This beautiful 90 million year old ichthyosaur was discovered in a quarry at Thorney in Somerset around 1850, by the ancestors of Julian Temperley, a cider brandy maker. It was dug up again recently in the family’s garden.
Mr Temperley (pictured) said that his ancestors had buried it again, because they were god-fearing men who worried that it might disprove the Bible. An image of it will be used on bottles of 20 year-old cider brandy. It’s a brilliant story.
I’d only add one thing; it’s true that the existence of prehistoric life wasn’t common knowledge before Darwin’s Origin of Species was published in 1856. But just over the border in Dorset, Mary Anning, had been discovering similar fossils from 1811, when she found her first ichthyosaur with her brother Joseph, until her death in 1847. Mary recognised them as extinct animals, and her correspondence with scientists like Baron Cuvier (who contradicted her, and had to back down) meant that her work was one of the building blocks of paleontology. Her friend the geologist Sir Henry de la Beche published her reconstruction of the Jurassic Coast as Durior Antiquor ‘Primeval Dorset’in 1830. So much has changed in how we now think dinosaurs looked and lived, but Mary Anning’s view of marine reptiles still holds up extremely well today.
(c) British Museum of Natural History
The Natural History Museum reminds us that Mary Anning was ‘the unsung hero of fossil discovery.‘ Very sadly, the credit for her discoveries was often pirated by the (male) scientific bigwigs who published them. All the more credit to those such as De la Beche and Charles Dickens who appreciated her. It’s said that the tongue-twister ‘She sells seashells’ is about her. More concretely, I once saw on Ebay an 1840s bisque porcelain Mary Anning ‘nodder’ – a wobble-headed figurine exactly like something from a giftshop – so she must’ve had a cult status by the end of her life.
Elsewhere, with thanks to the reader who sent it to me, Sworder’s Auctioneer’s are having a sale of paintings by Sir Cedric Lockwood Morris, the painter and plantsman who founded the East Anglian School of Painting and Drawing at Benton End in Suffolk with his partner Arthur Lett-Haines.
(c) Sworder’s Auctioneers
I wrote about the Benton End School a while back. At the time I knew nothing about it, except that Joan Warburton, Lucian Freud, and Barbara Gilligan went there. I’ve become very fond of it since then, so I was very happy to read that the seller is going to give part of the proceeds from the sale of paintings like Morris’s Foxgloves and Warburton’s Freudlike portrait of Morris to Benton End,
(c) Sworder’s Auctioneers/Estate of Joan Warburton
which is being turned into a school for painters and gardeners by the Benton End House and Garden Trust.
(c) Sworder’s Auctioneers/Estate of Sir Cedric Morris
Barbara Pinchbeck, the driving force behind this brilliant project, was first inspired by a lecture on Cedric Morris given by Philip Mould, an expert on Morris, and it was Philip who told her that Benton End was on the market. That’s wonderful. Being a successful art dealer has many rewards, but few can be as satisfying as this.
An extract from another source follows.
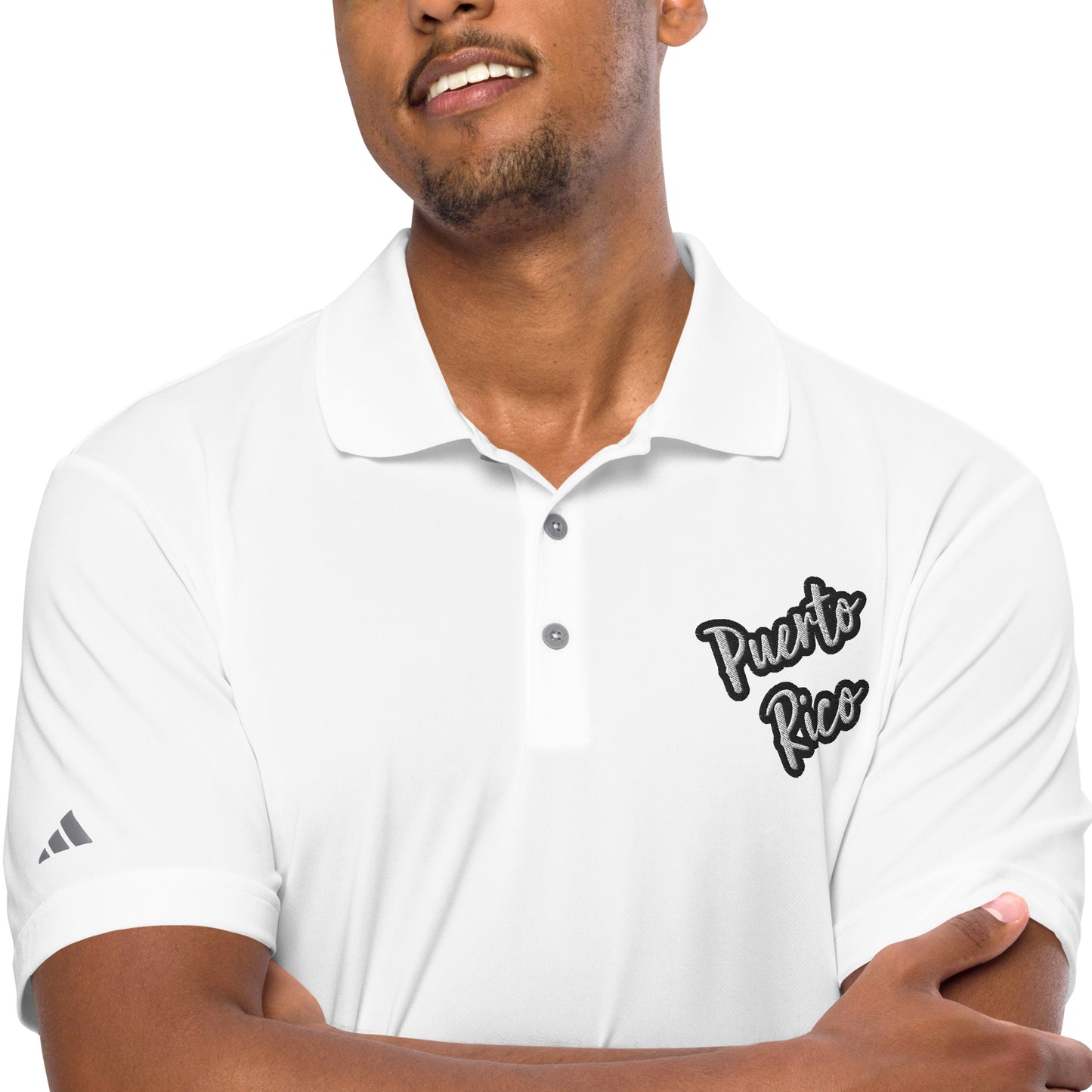 adidas performance polo shirt - Puerto Rico White Text, Black Color Outline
There are only two items of news in this house at the moment. Parliament, and the Rugby World Cup. The other night in Westminster reminded me of something Kenneth Clark says at the end of his monolithic TV series, summing up the qualities that he sees as the biochemistry of civilisation; small rooms to think in, the influence of women and – he says – lovingly running his hand over a small Henry Moore on his desk, ‘I believe in politeness.’ Either that, or Mr Speaker will need a red card and a sin-bin.